From the graph above, we can see that there is an increasing trend in the number of full-season members on SNL. Since 1980, the number of part-season cast members has remained fairly low.

Given that the number of full-season cast members has been increasing since 1975, we can also explore how the gender composition of the cast has changed over time. For this analysis, we will use group_by and summarize to calculate the percentage of males and females on the cast, and we will use a stacked bar plot to visualize the results.

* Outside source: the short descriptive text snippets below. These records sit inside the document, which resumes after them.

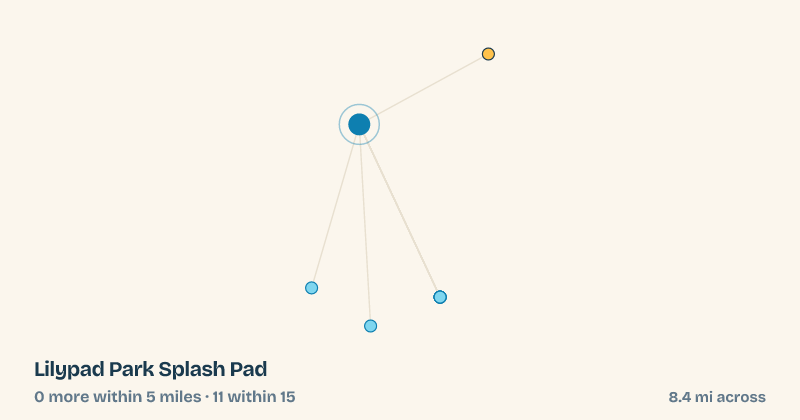 Map of Lilypad Park Splash Pad and the 11 other splash pads within 15 miles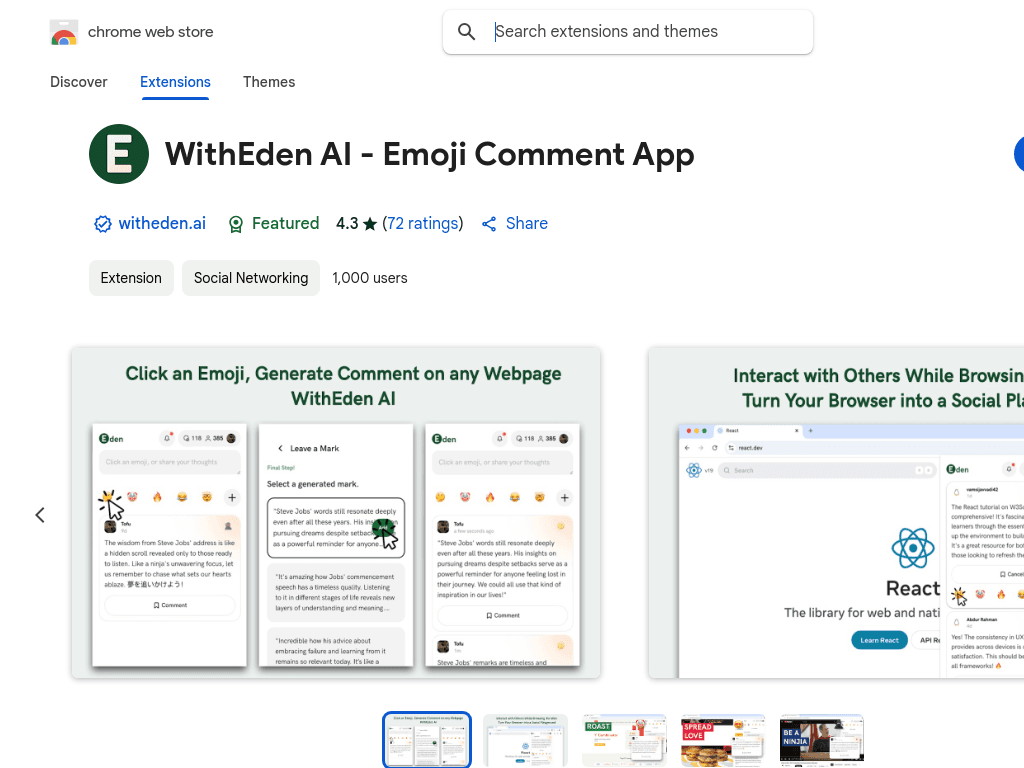 WithEden AI - Emoji Comment App screenshot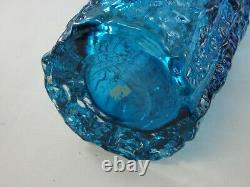 Large Whitefriars Geoffrey Baxter Kingfisher Blue Glass Bark Vase Textured 9691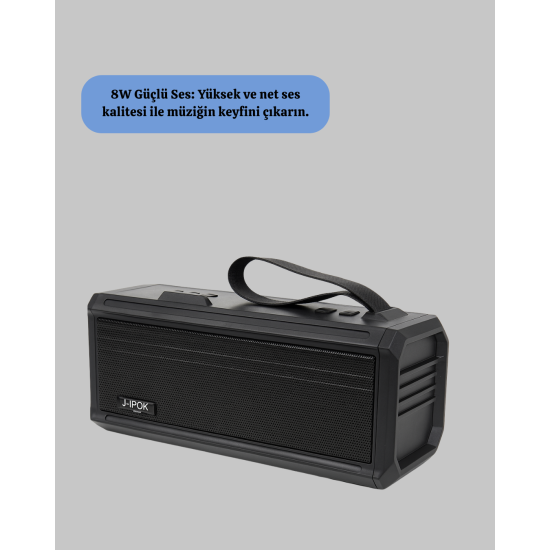 J-IPOX P520 Bluetooth Hoparlör 8W Güçlü Ses Solar Şarj FM Radyo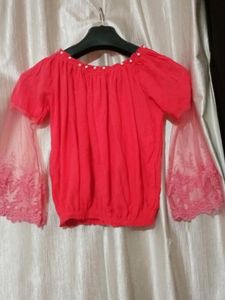 Off Shoulder Top Sleeves Net
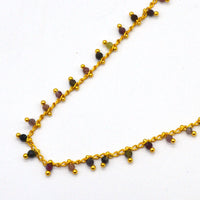 Misty Gold Gemstone necklace Onyx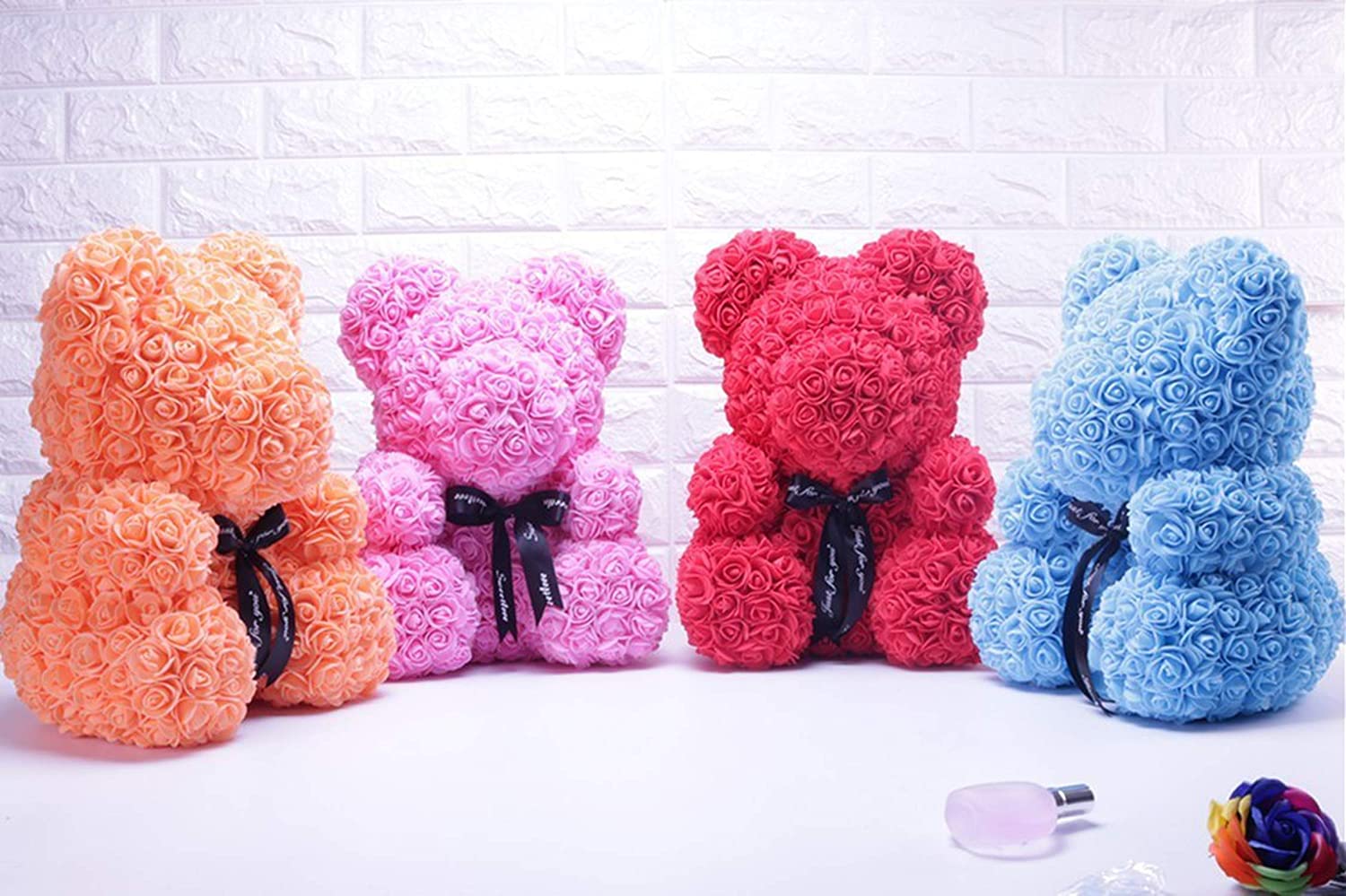 Cute Teddy Bear Toy Lovely Rose Bear Soft Toy - Artificial Rose Teddy Bear Artificial Rose Teddy Bear
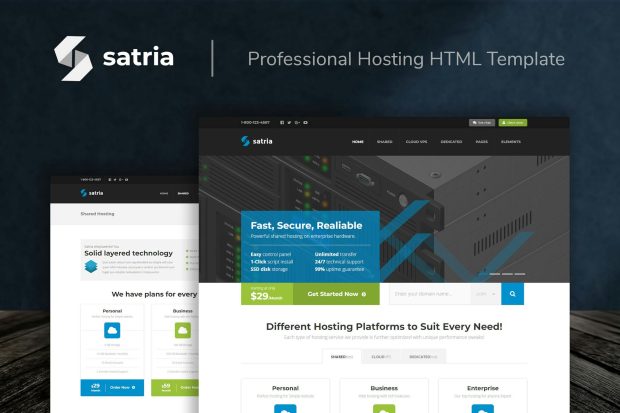 Satria - Professional Hosting HTML Template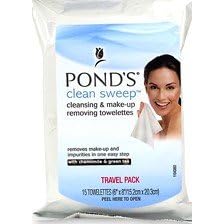 Pond's Clean Sweep Chamomile Cleansing & Make-up Removing Towelettes,15 ct [TWO PACK - 30 wipes]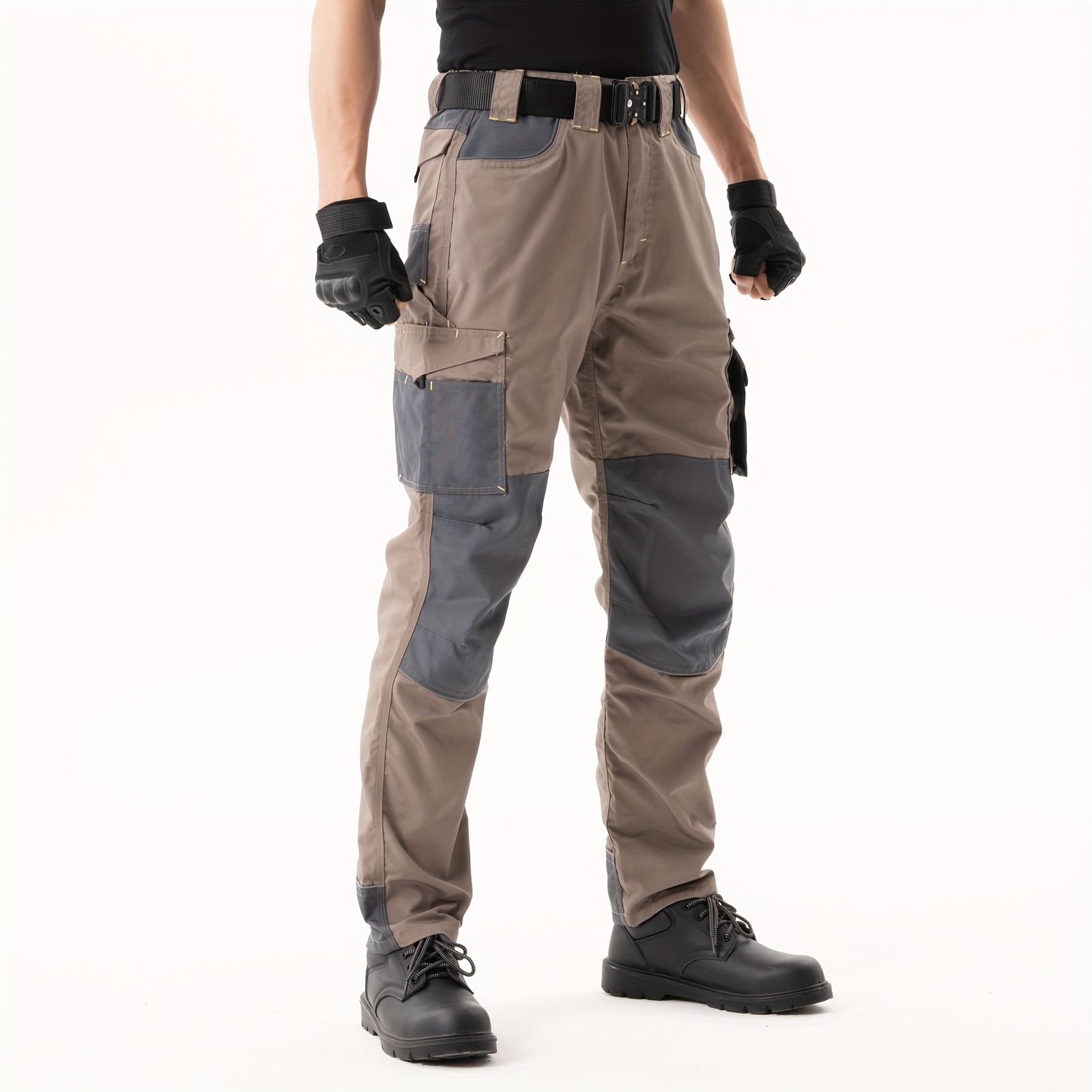 Pantalones de trabajo de seguridad con múltiples bolsillos, gruesos,  resistentes al desgaste y con bloques de color para hombre,  multifuncionales y pr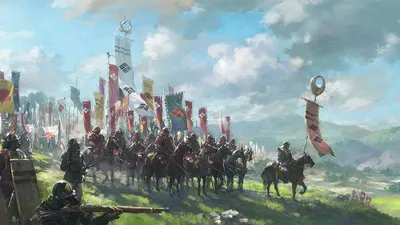 Fantasy Depicting Samurai Warriors Horseback Nature Wallpaper 4K 1920x1080 Hd, Fantasy, Wallpaper, Depicting, A, Samurai, Scene, With, Warriors, Horseback, Carrying, Banners, Gray, Ultrawide, Full HD
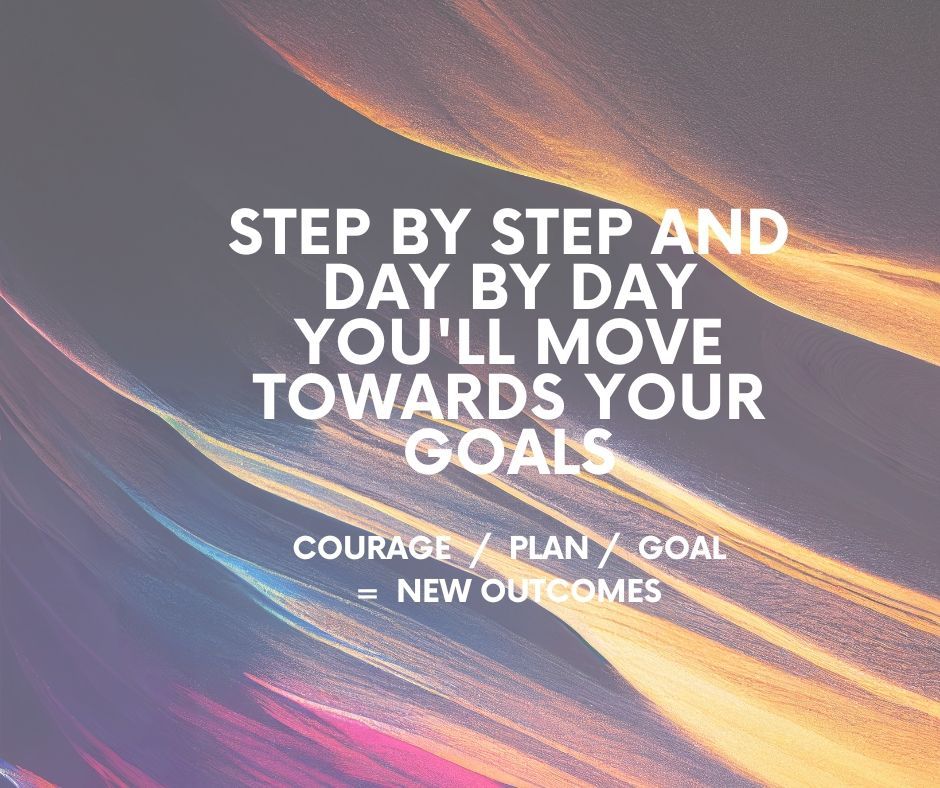 Having worked with many different clients over the years, one thing in common is they are creating goals. These goals differ depending upon their lives; things like getting a PB (personal best), participation in an event, moving a joint again without pain, lifting their child again, having a meaningful life. Another thing in common is they have COURAGE, they PLAN, they set a GOAL. These things together bring new outcomes and usually a real satisfaction that they are living the best life they can for that moment.
So - try not to be afraid - take steps no matter how small they may seem. Day by day you will move forward and new horizons await.
#courage #lifegoals #healthmatters #mortdalesportsmassage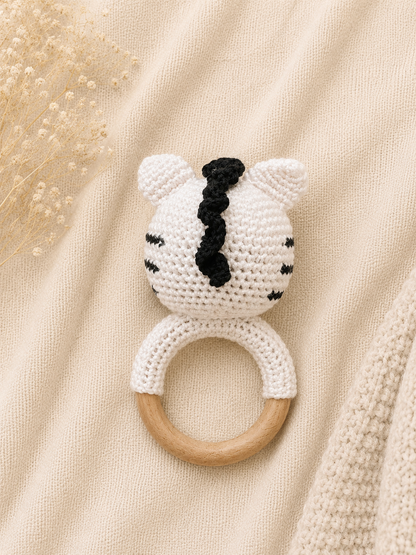 Zuzu the Crochet Zebra handmade baby teether and rattle with natural wooden ring
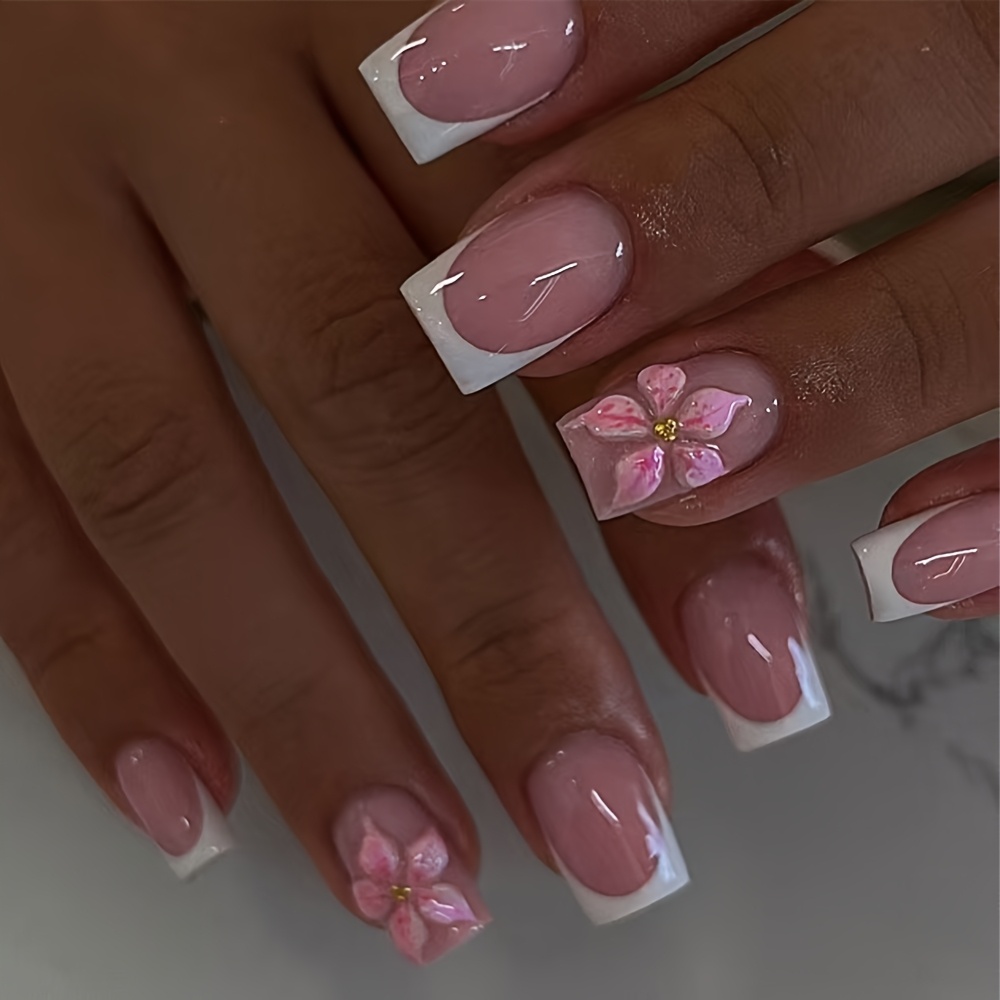 24pcs Short Square Press-on Nails, Featuring A Nude Transparent Pink Base With Classic , With Three-dimensional Cherry And Golden Bead Decorations. Nails A Gentle And Sweet Atmosphere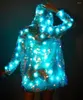 Felpe con cappuccio da donna OHLEES Giacca da donna con paillettes LED Super Flash Light UP Rave Cappotto esterno creativo Costume di scena Xmas Party Fancy Dress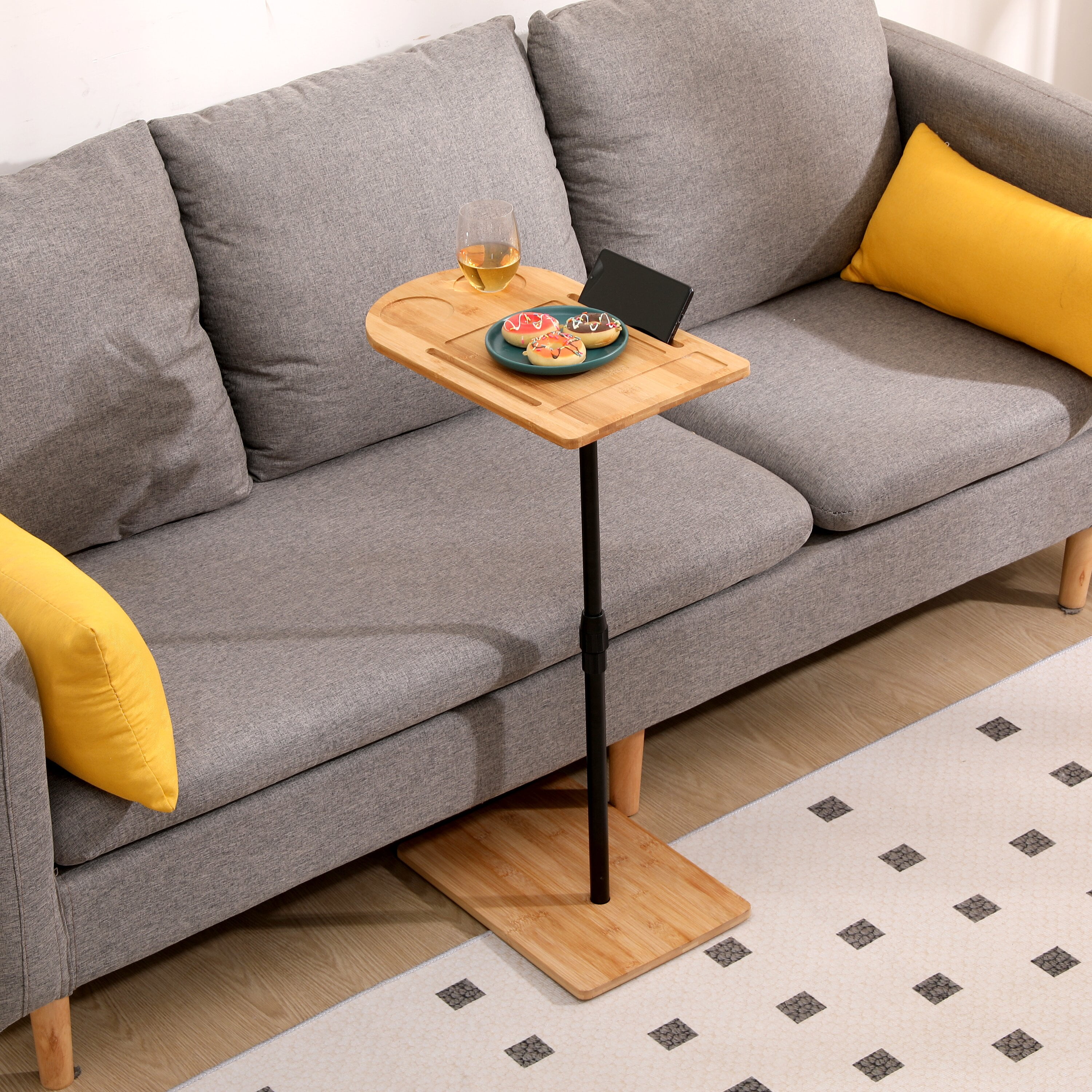Yoneston Natural C-Shaped End Table Rotating Adjustable Height Couch Tray Table Bedside Table with Wine Slots & Phone Holder for Bed Sofa Bathtub, Oval
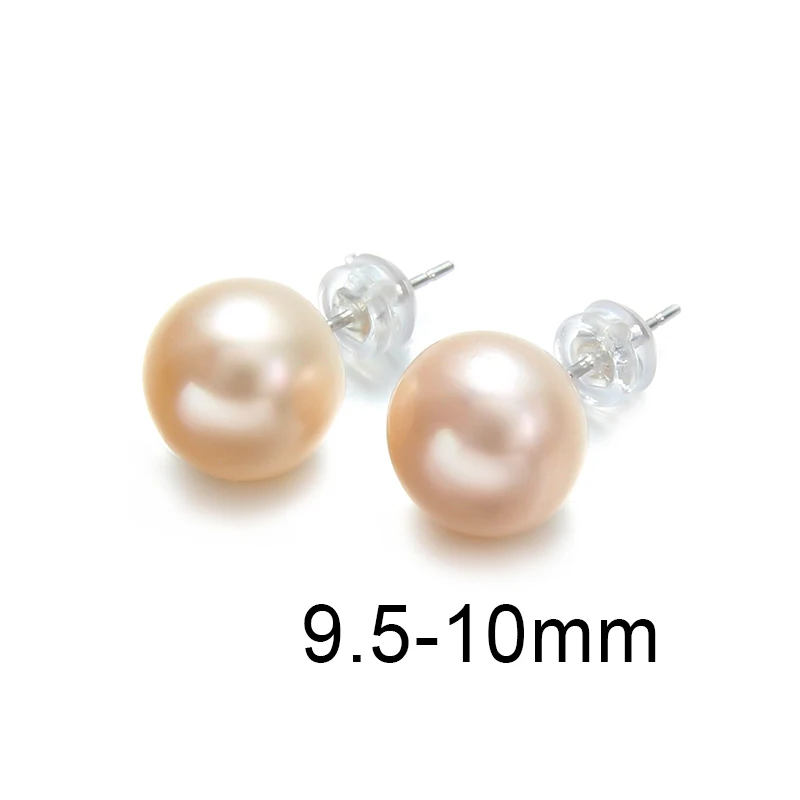 Pink 9.5-10mm Жемчужные серьги, серебро 925, ювелирное изделие, пресноводные жемчужные серьги для женщин, свадебный подарок, жемчужные ювелирные изделия - Цвет камня: Pink 9.5-10mm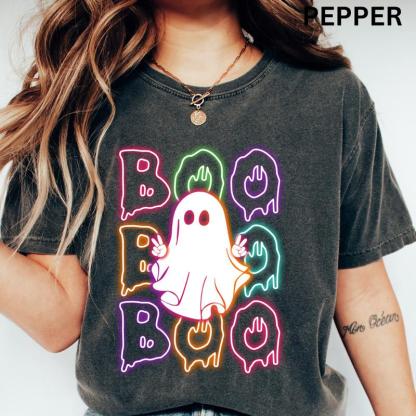 Cute Ghost Neon “BOO” Halloween Tee
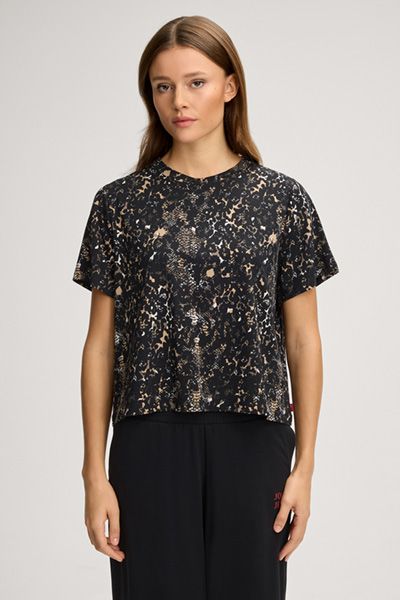 Kurzes T-Shirt mit Animalprint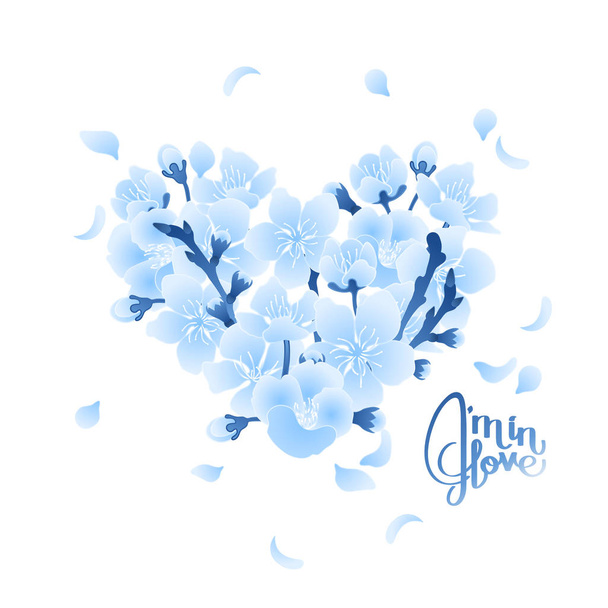 Coração com design de flor de cereja
 - Vetor, Imagem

In this case, because the percentage for each year sums to 100%, a stacked bar plot seems to be a fairly easy way to see differences in the groups.

totals_by_year <- joined %>%
  filter(type == 'cast', season_fraction == 1, !is.na(gender)) %>%
  distinct(year, aid) %>%
  group_by(year) %>%
  summarize(total_count = n())
  
joined %>%
  filter(type == 'cast', season_fraction == 1, !is.na(gender)) %>%
  mutate(gender = ifelse(gender == 'male', 'M', 'F')) %>%
  distinct(year, aid, gender) %>%
  group_by(year, gender) %>%
  summarize(count = n()) %>%
  left_join(totals_by_year, by = 'year') %>%
  mutate(pct = round(count / total_count, 1)) %>%
  ggplot(aes(x = year, y = pct, fill = gender)) +
  geom_col() +
  labs(title = 'Gender Composition of SNL Cast (1975-2020)',
    x = 'Year',
    y = 'Percent',
    fill = 'Gender') + 
  theme_minimal() + 
  scale_y_continuous(labels = scales::percent) + 
  # color scales for gender
  # https://blog.datawrapper.de/gendercolor/
  scale_fill_manual(values = c('#EB9347', '#5AABB9'))

From this graph, we can see that across time, males have made up a larger percentage of the SNL cast. In recent years, however, the percentage of males has been fairly stable at ~60%, which is a decrease from previous years.